Die schwäb’sche Eisbahn wird Biberach jetzt auch wohl meiden müssen. Ähnlich der s. g. “Sauschwänzlebahn”, die darf ob der Sicherheit und der benötigten Ruhe der im Tunnel lebenden, schlafenden, laufenden Flattermäuse auch nicht mehr fahren.

Gerhard Sponsel Lemvig / 20.09.2014

Um die Lobbyisten “satt”  zu kriegen muß Mensch und Tier eben Opfer bringen. Für viele unbezahlbare Energiekosten und Millionen toter Fledermäuse sind der Preis dafür, dass das Klima in Deutschland nachhaltig so bleibt wie es ist und der Meeresspiegel nur bei Flut ansteigt. Die Verblödung der moraisch immer überlegegen Gutmenschen ist nicht nur auf Biberach an der Riß beschränkt. Das wollte ich noch schreiben. Aber man darf doch nicht pauschalieren.

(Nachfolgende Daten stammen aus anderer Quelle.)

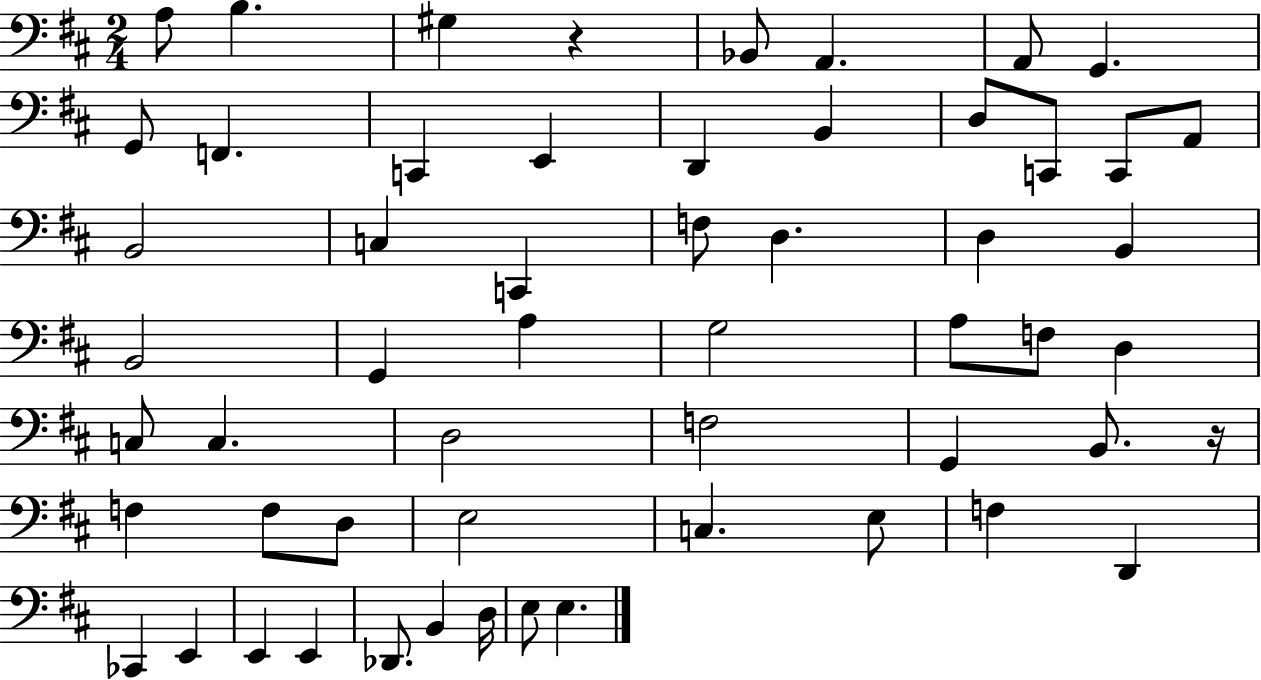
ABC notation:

X:1
T:Untitled
M:2/4
L:1/4
K:D
A,/2 B, ^G, z _B,,/2 A,, A,,/2 G,, G,,/2 F,, C,, E,, D,, B,, D,/2 C,,/2 C,,/2 A,,/2 B,,2 C, C,, F,/2 D, D, B,, B,,2 G,, A, G,2 A,/2 F,/2 D, C,/2 C, D,2 F,2 G,, B,,/2 z/4 F, F,/2 D,/2 E,2 C, E,/2 F, D,, _C,, E,, E,, E,, _D,,/2 B,, D,/4 E,/2 E,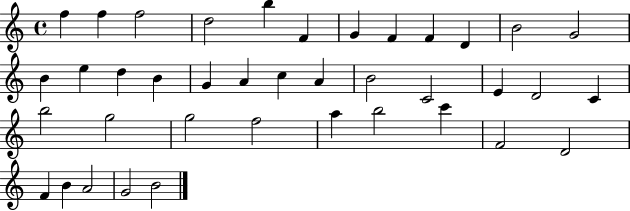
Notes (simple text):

F5/q F5/q F5/h D5/h B5/q F4/q G4/q F4/q F4/q D4/q B4/h G4/h B4/q E5/q D5/q B4/q G4/q A4/q C5/q A4/q B4/h C4/h E4/q D4/h C4/q B5/h G5/h G5/h F5/h A5/q B5/h C6/q F4/h D4/h F4/q B4/q A4/h G4/h B4/h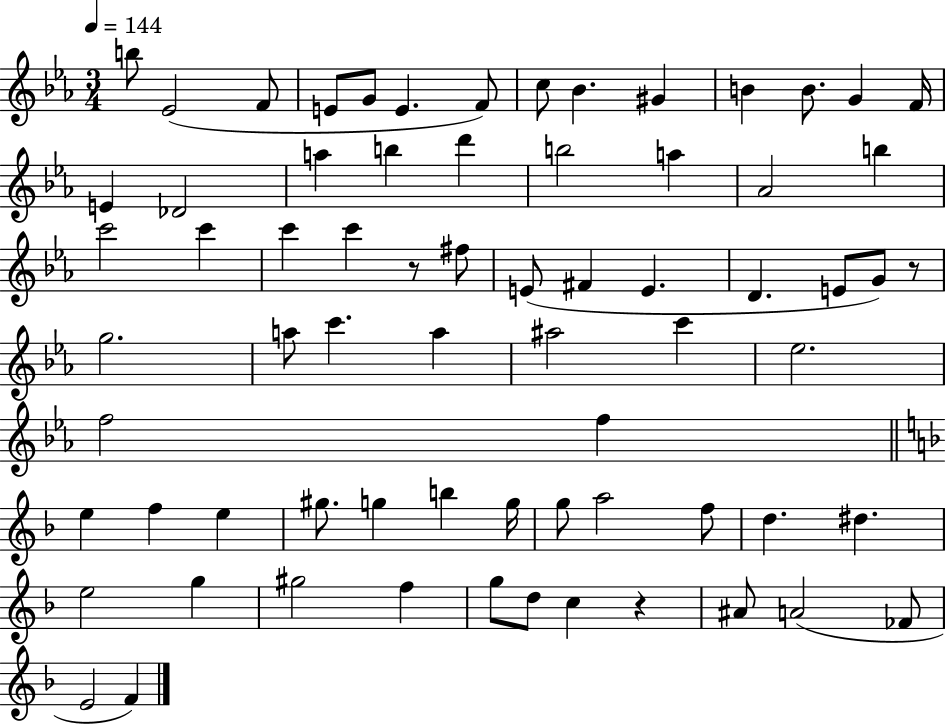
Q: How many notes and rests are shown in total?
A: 70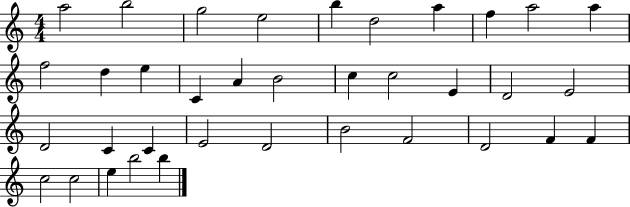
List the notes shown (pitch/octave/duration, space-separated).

A5/h B5/h G5/h E5/h B5/q D5/h A5/q F5/q A5/h A5/q F5/h D5/q E5/q C4/q A4/q B4/h C5/q C5/h E4/q D4/h E4/h D4/h C4/q C4/q E4/h D4/h B4/h F4/h D4/h F4/q F4/q C5/h C5/h E5/q B5/h B5/q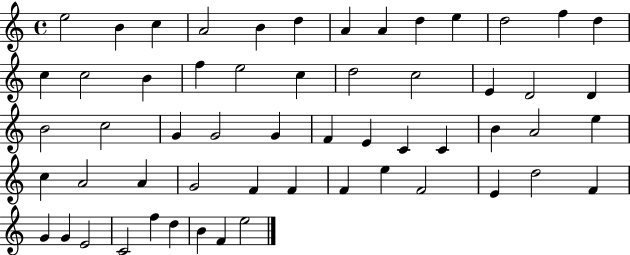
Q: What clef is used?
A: treble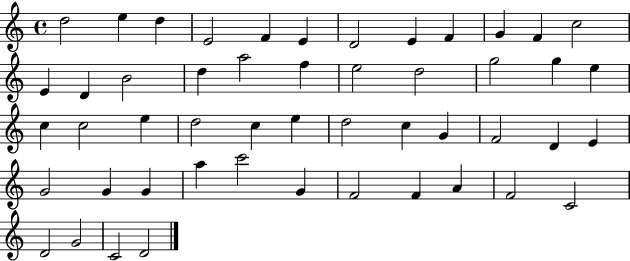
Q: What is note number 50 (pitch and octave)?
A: D4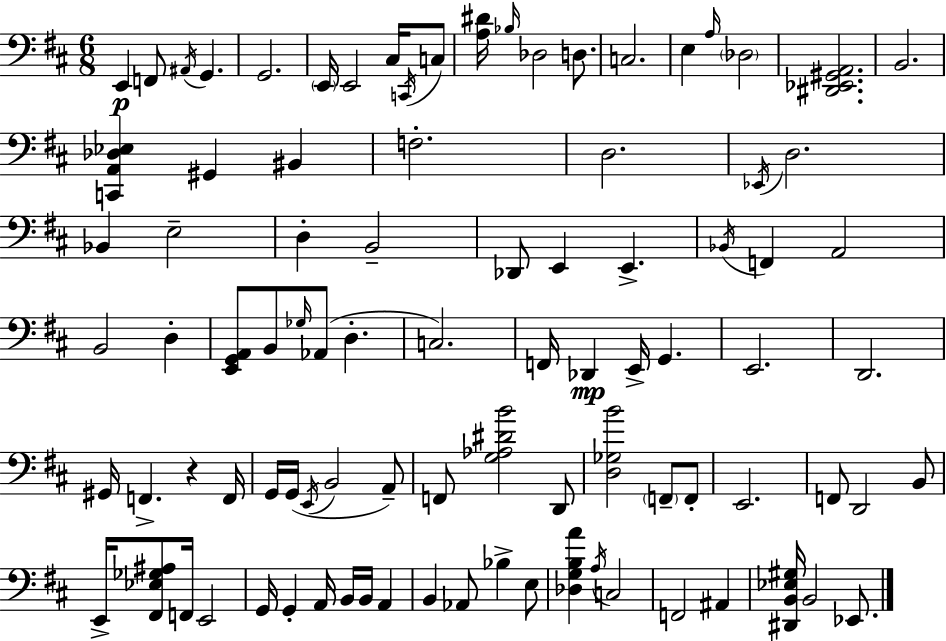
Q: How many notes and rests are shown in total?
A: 92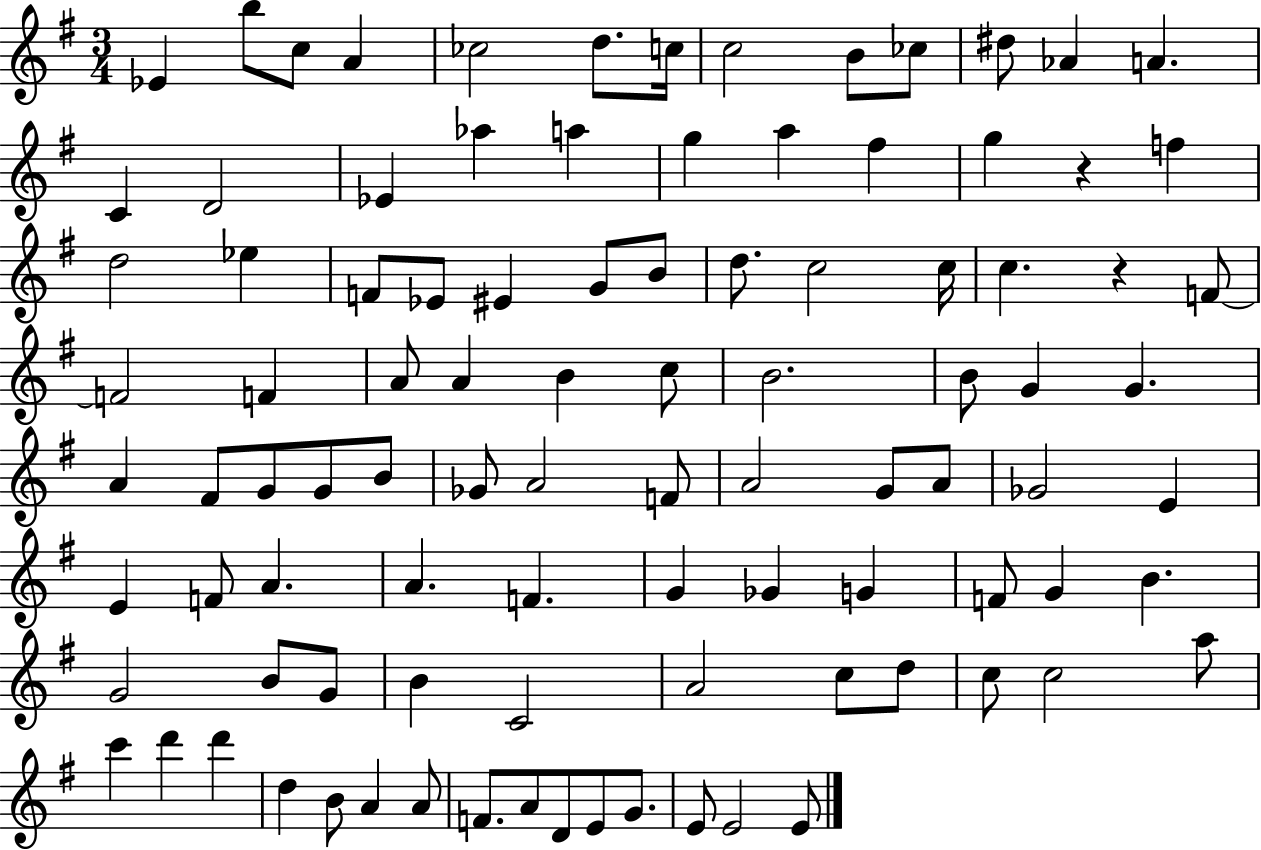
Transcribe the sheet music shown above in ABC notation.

X:1
T:Untitled
M:3/4
L:1/4
K:G
_E b/2 c/2 A _c2 d/2 c/4 c2 B/2 _c/2 ^d/2 _A A C D2 _E _a a g a ^f g z f d2 _e F/2 _E/2 ^E G/2 B/2 d/2 c2 c/4 c z F/2 F2 F A/2 A B c/2 B2 B/2 G G A ^F/2 G/2 G/2 B/2 _G/2 A2 F/2 A2 G/2 A/2 _G2 E E F/2 A A F G _G G F/2 G B G2 B/2 G/2 B C2 A2 c/2 d/2 c/2 c2 a/2 c' d' d' d B/2 A A/2 F/2 A/2 D/2 E/2 G/2 E/2 E2 E/2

Dirk Ahlbrecht / 20.09.2014

Das ganze, meine Herren, wird allerdings erst dann wirklich “rund” und vor allem “nachhaltig”, wenn auch die potenziellen Beute der Fledermäuse, also die Insekten, alsdann auf Schusters Rappen unterwegs ist. Oder man trainiert den Fledermäusen konsequenter Weise gleich eine vegane Ernährungsweise an. Ist, im Sinne unserer Öko-Freunde, eh besser für die Menschheit und die Umwelt.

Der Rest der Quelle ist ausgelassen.